YOUR ASSIGNMENT: The reply should hold only the lines below beginning at the one with "Interceptan la ejecucion" and ending at the one with "How Blake Made Friends", copied exactly, with every picture left out.

[Start of Attachment]

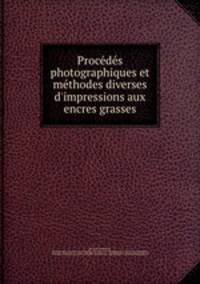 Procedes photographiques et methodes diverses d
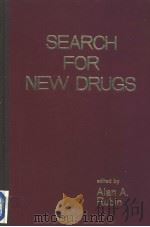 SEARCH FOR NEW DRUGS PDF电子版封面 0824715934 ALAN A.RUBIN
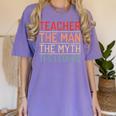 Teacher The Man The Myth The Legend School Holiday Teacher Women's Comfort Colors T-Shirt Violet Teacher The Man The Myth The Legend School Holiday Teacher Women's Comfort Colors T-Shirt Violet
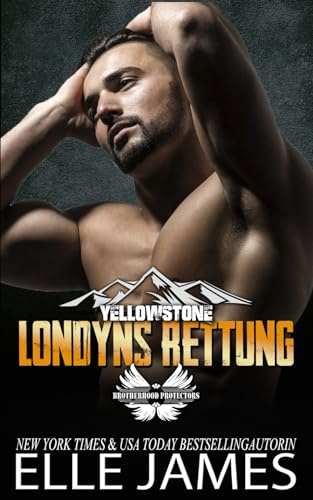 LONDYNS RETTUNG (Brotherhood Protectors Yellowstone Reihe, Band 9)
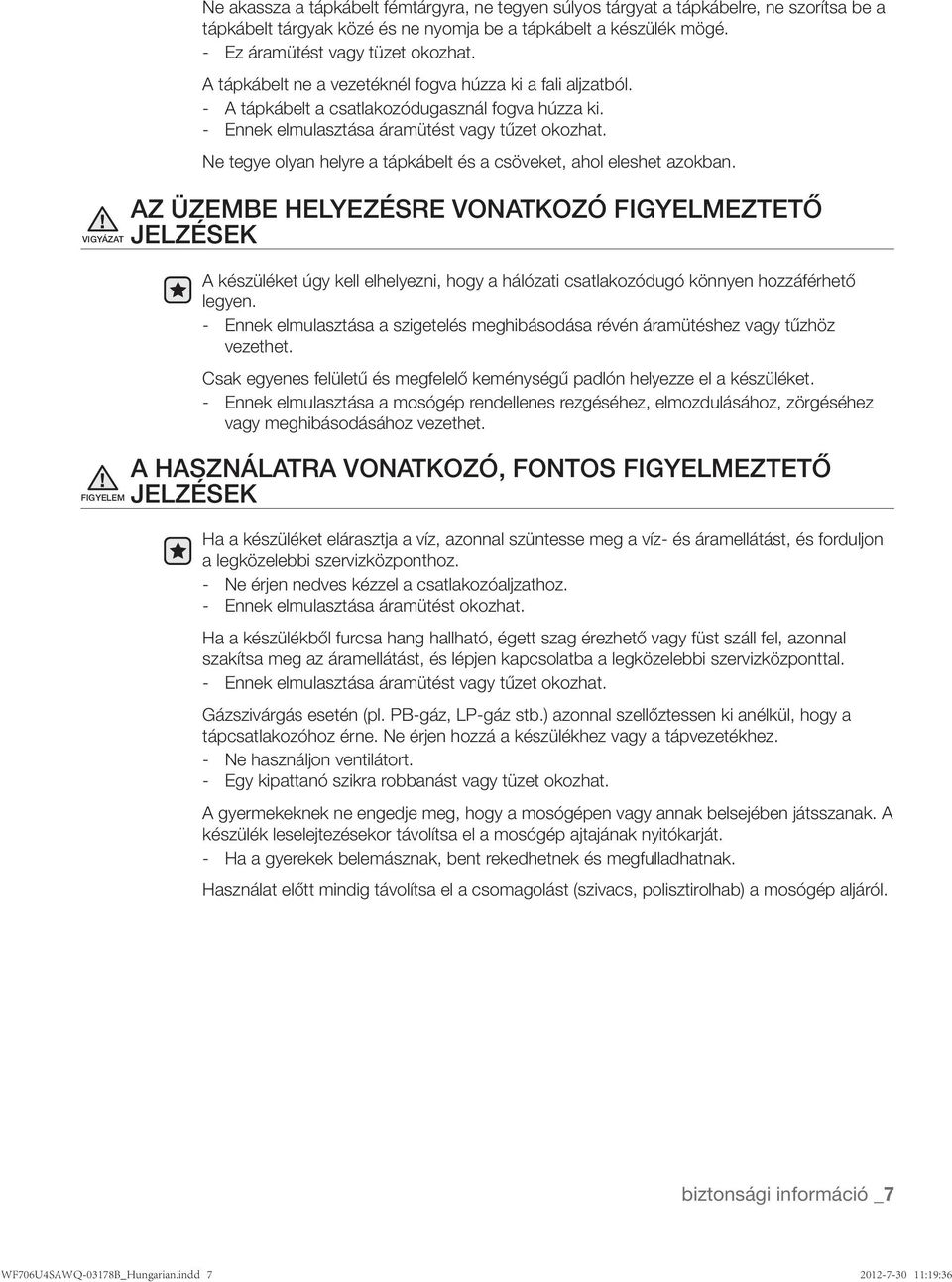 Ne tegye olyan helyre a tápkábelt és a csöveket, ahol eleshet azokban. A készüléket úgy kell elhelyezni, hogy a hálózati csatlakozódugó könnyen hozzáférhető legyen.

[End of Attachment]
[Start of Attachment]

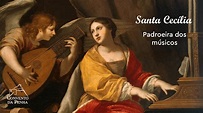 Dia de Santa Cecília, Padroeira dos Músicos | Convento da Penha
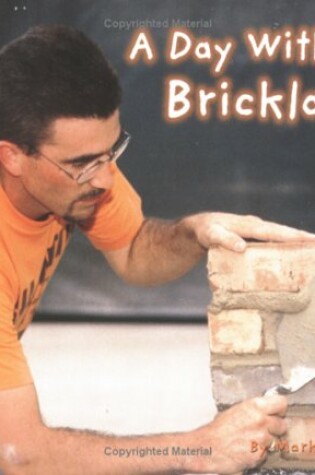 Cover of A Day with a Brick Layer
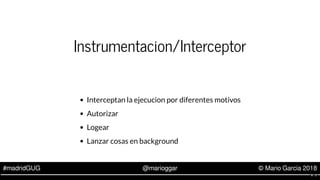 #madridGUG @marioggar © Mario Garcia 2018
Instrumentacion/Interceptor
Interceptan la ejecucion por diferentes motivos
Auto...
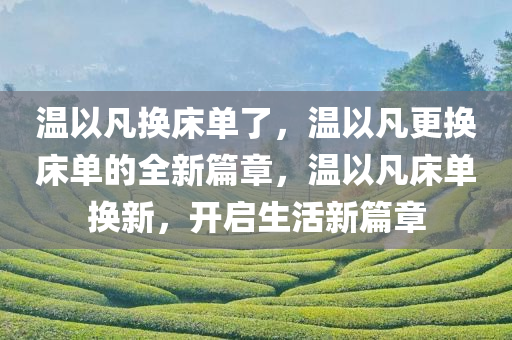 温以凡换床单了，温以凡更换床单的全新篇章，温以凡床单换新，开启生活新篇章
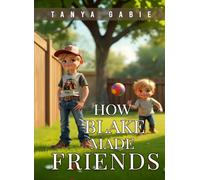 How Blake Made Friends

[End of Attachment]

PROBLEM SOLUTION:
Interceptan la ejecucion por diferentes motivos
Auto...
 温以凡换床单了，温以凡更换床单的全新篇章，温以凡床单换新，开启生活新篇章
 How Blake Made Friends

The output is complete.